Así que los doce jinetes hubieron entrado en Campillo franqueando una de las brechas más anchas de la muralla, el cielo se oscureció por el vuelo de miles de pájaros que aparecieron de pronto sin que nadie viese desde dónde llegaban. Parecían surgir de la nada, del mismo aire, y se lanzaron hacia donde el grupo de caballeros debía de estar. El fragor de sus graznidos se hizo insoportable. Viendo lo que sucedía, el grueso de las tropas reales fue tras los pasos de su jefe para socorrerlo. Unos a pie y otros al galope llegaron en pocos minutos a la plaza de armas frente a la entrada de la fortaleza, cuyas puertas estaban abiertas de par en par. Allí encontraron a once de los caballos, solos y cubiertos de sangre. Sólo el del cardenal conservaba a su jinete, maltrecho, aferrado a la cruz que colgaba de su cuello. El hombre no cesaba de mascullar exorcismos en latín, que intercalaba con gritos incoherentes. Sin duda había perdido la razón. Cuando los soldados lo desmontaron con intención de socorrerlo vieron que tenía la cara ensangrentada y que ambos ojos le habían sido arrancados. El terror se apoderó definitivamente de la tropa que huyó aún más veloz de lo que había llegado.


El cardenal nunca recuperó la razón; pasó el resto de sus días recluido en el convento de San Bartolomé, recitando sin fin sus exorcismos y letanías. De vez en cuando, de día o de noche, rompiendo el silencio místico del monasterio, podían oírse sus gritos: "¡¡¡Los pájaros, los pájaros!!! Enterrad a los muertos...". Entonces era presa de gran agitación y alguno de los monjes se apresuraba a darle a beber unas gotas de láudano que lo calmaban y adormecían. Del conde de Osuna y de su ejército, del rey y de sus caballeros, jamás se volvió a saber. Hay quien dice haber visto por los alrededores de Campillo, en las noches de difuntos, tropas formadas por soldados ciegos luchando encarnizadamente unos con otros, sin que nadie cayese por graves que fueran sus heridas. Pero son muy pocos los que lo afirman, porque casi nadie se atreve a acercarse por allí desde que sucedieron estos hechos, y menos aún en esa noche. Hoy Campillo es sólo un punto gris en el mapa, cuyo simple recuerdo hace que la gente se persigne y corra a refugiarse en sus casas.

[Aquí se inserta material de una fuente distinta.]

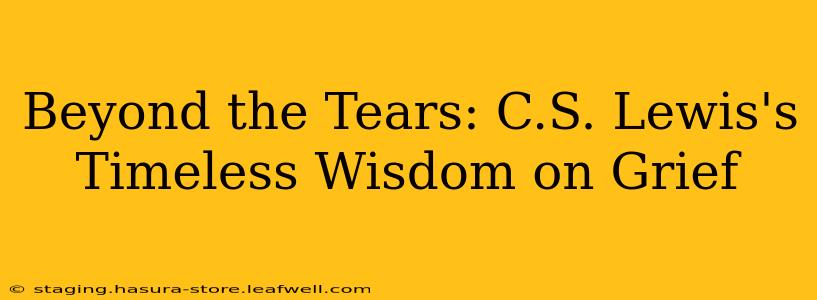 Beyond the Tears: C.S. Lewis's Timeless Wisdom on Grief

Yo estaba tan absorto en el relato que di un respingo cuando el orco, dando por terminada la historia, me preguntó:
—¿Estás seguro de que tu rey es mejor que Áreon? —Y prorrumpió en una risa que me sonó siniestra—. Los humanos sois estúpidos, nunca aprendéis las lecciones. Cuando lucha el mal contra el mal siempre gana el peor de los males. Al mal sólo puede combatirlo el bien, contra la bondad nosotros no podemos hacer nada. ¿Crees que eres lo bastante bondadoso para vencerme? —insistió el orco.
Sus palabras me hicieron reflexionar. Lo miré y ya no vi al ser infrahumano que sólo merecía odio y muerte, sino a un ser desvalido y agonizante. Creo que, por primera vez en mi vida de soldado, sentí compasión. Me levanté y me dirigí a mi caballo, que aguardaba a pocos metros del lugar, para coger la cantimplora y ofrecérsela al herido. Pero, increíblemente, cuando volví la cabeza el orco ya no estaba.
En el suelo quedó mi lanza, partida. En el aire, con vuelo majestuoso, un cuervo se alejaba, graznando con fuerza. ¿Podría ser...? Estúpidamente, alcé la mano en un gesto de despedida.